Currently, this infrastructure is on-prem in data centers throughout the world. LinkedIn is in the process of shifting to Azure. They are having to pay more attention to the performance of the various components when they are migrating to the cloud since the current design has been optimized on-prem which has allowed for a high degree of flexibility and proximity of components.
How is LinkedIn future-proofing the architecture?
One method is LinkedIn has created an abstracted data access layer called DALI (Data Access at LinkedIn). This allows for changes to underlying datasets without affecting the consumer.
What’s the general architecture or approach to capturing and making metadata available?
LinkedIn open-sourced a homegrown system called DataHub in 2020. DataHub is a generalized metadata search and discovery tool. DataHub provides key information for more than a million datasets at LinkedIn and is accessed by more than 1,500 employees every week. Key features of DataHub include:
All metadata is centrally stored and served
The metadata capture follows a push model to gather the metadata. Dataset owners/producers send data to DataHub through an API or a Kafka Stream. Publishing of the metadata is decentralized and the responsibility falls on the dataset owners.
Consumers are able to identify who owns the data, where the data set originates, identify underlying sources in derived datasets, lineage, and many more attributes.
What are your top methods/processes to ensure high-quality data?
LinkedIn is very metric-driven and is capturing data about data to identify potential issues and causes. LinkedIn takes a 3 pronged approach to ensure the data being produced is high quality and remains that way:
Data Obseravaibility (Ability to detect when issues arise) – LinkedIn developed a tool called Data Sentinel, which automatically validates the quality of large-scale data in production environments. It’s checking to make sure that schemas are matching, data values match expectations, times of arrival meet expectations.
Root Cause Analysis (Ability to understand why the issue occurred) – When changes are found in metrics/data sets are you able to explain it? Could it be due to seasonality, a recent deployment, or something else? Linkedin developed a tool called ThirdEye that aims to solve that exact question. ThirdEye connects to a large number of data sources to gather information and learns over time to generate anomalies detection and tries to correlate/identify the root cause. ThirdEye was built on top of Pinot a distributed OLAP datastore that LinkedIn developed and recently open-sourced.

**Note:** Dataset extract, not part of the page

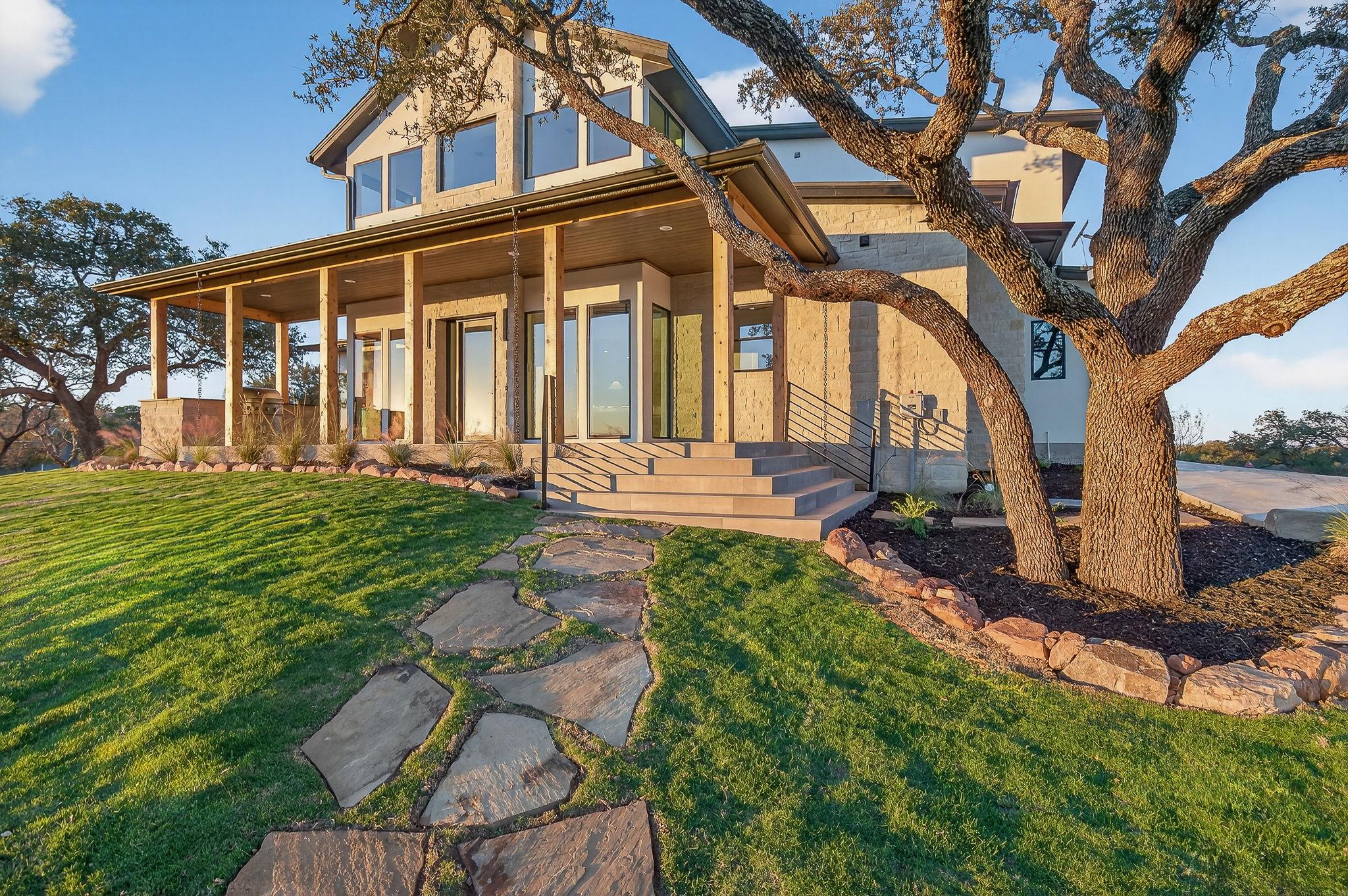 400 Emerald Way, Horseshoe Bay, TX 78657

Prevention – If the root cause identified was due to a bug then creating a fix to mitigate the issue going forward.
How does LinkedIn enable strong collaboration among the various data stakeholders (producers and consumers)?
One of LinkedIn’s core principles is called #OneLinkedIn, where they “make every decision, big or small, with care.” This is the foundation that has enabled strong collaboration among the various teams.
To facilitate the change management of the various data changed across the organization, LinkedIn created a data user council. This user council met on a cadence and was an opportunity for IT to share changes ahead of time and receive feedback from the various stakeholders and an opportunity for them to contribute.
What were the biggest lessons learned through the development of your current architecture? While technology is a key component to their success, it was only made possible because of the large executive buy-in which facilitated strong collaboration between the different LOB’s.